Un corazón ocupado por el afán de poseer es un corazón lleno de este anhelo de poseer, pero vacío de Dios. Por ello Jesús advirtió en más de una ocasión a los ricos, porque es grande su riesgo de poner su propia seguridad en los bienes de este mundo, y la seguridad, la seguridad definitiva, está en Dios. En un corazón poseído por las riquezas, no hay mucho sitio para la fe: todo está ocupado por las riquezas, no hay sitio para la fe. Si, en cambio, se deja a Dios el sitio que le corresponde, es decir, el primero, entonces su amor conduce a compartir también las riquezas, a ponerlas al servicio de proyectos de solidaridad y de desarrollo, como demuestran tantos ejemplos, incluso recientes, en la historia de la Iglesia. Y así la Providencia de Dios pasa a través de nuestro servicio a los demás, nuestro compartir con los demás. Si cada uno de nosotros no acumula riquezas sólo para sí, sino que las pone al servicio de los demás, en este caso la Providencia de Dios se hace visible en este gesto de solidaridad. Si, en cambio, alguien acumula sólo para sí, ¿qué sucederá cuando sea llamado por Dios? No podrá llevar las riquezas consigo, porque —lo sabéis— el sudario no tiene bolsillos. Es mejor compartir, porque al cielo llevamos sólo lo que hemos compartido con los demás».

Papa Francisco. Ángelus 2 de marzo de 2014.

Vivamos nuestro domingo a lo largo de la semana.

1. Recordemos lo que nos dice San Pablo: «Dios no perdonó a su Hijo y lo entregó por nosotros. ¿Cómo no habría de darnos con Él todos los bienes?» (Rm 8,32). ¿Cómo vivo mi confianza en Dios? ¿Vivo preocupado solamente por lo material, las apariencias?

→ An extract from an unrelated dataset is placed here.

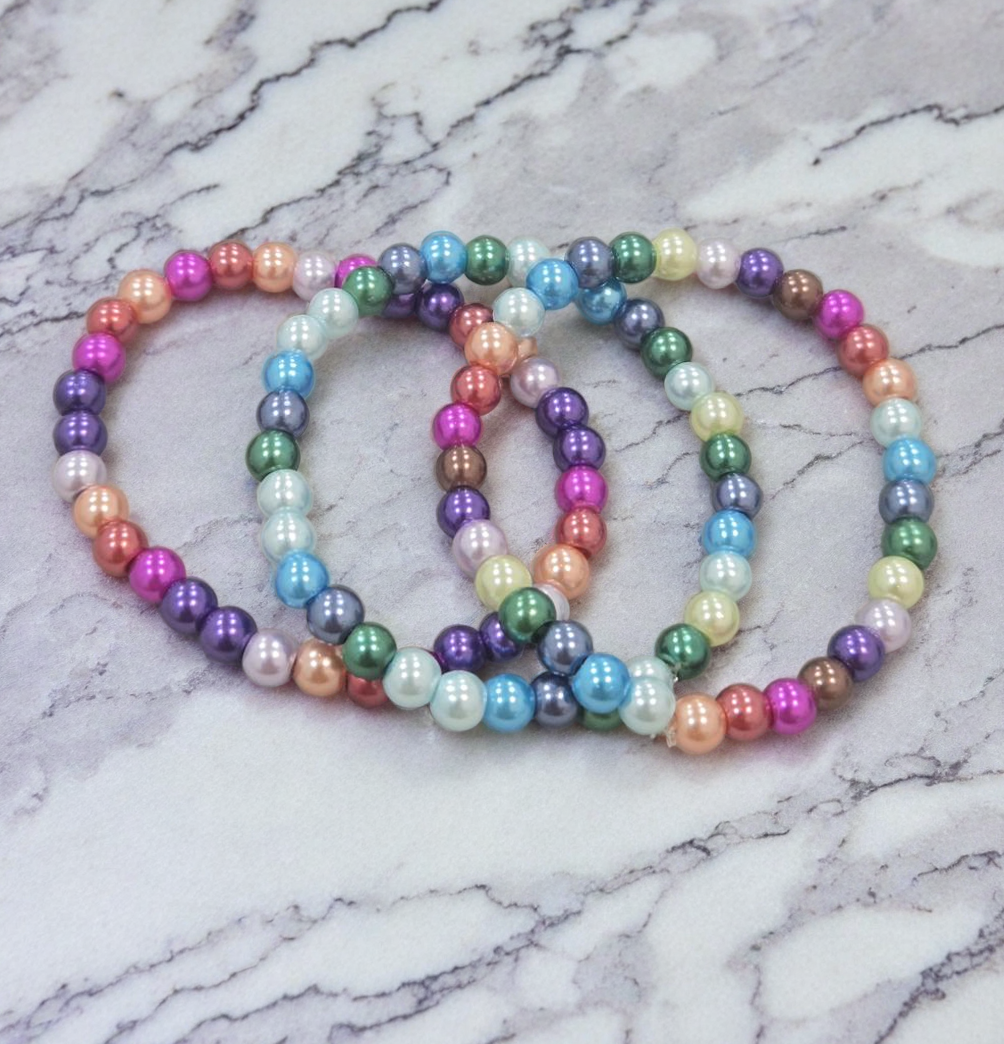 Colorful Bead Bracelets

2. Nos dice el profeta Isaías: «¿Acaso olvida una mujer a su niño de pecho, sin compadecerse del hijo de sus entrañas? Pues, aunque ésas llegasen a olvidar, yo no te olvido». Elevemos en silencio una oración de agradecimiento por el inmenso amor que Dios nos tiene a la luz de la lectura de este bello texto.

3. Leamos en el Catecismo de la Iglesia Católica los numerales: 625- 627, 635, 994- 996, 1006- 1014.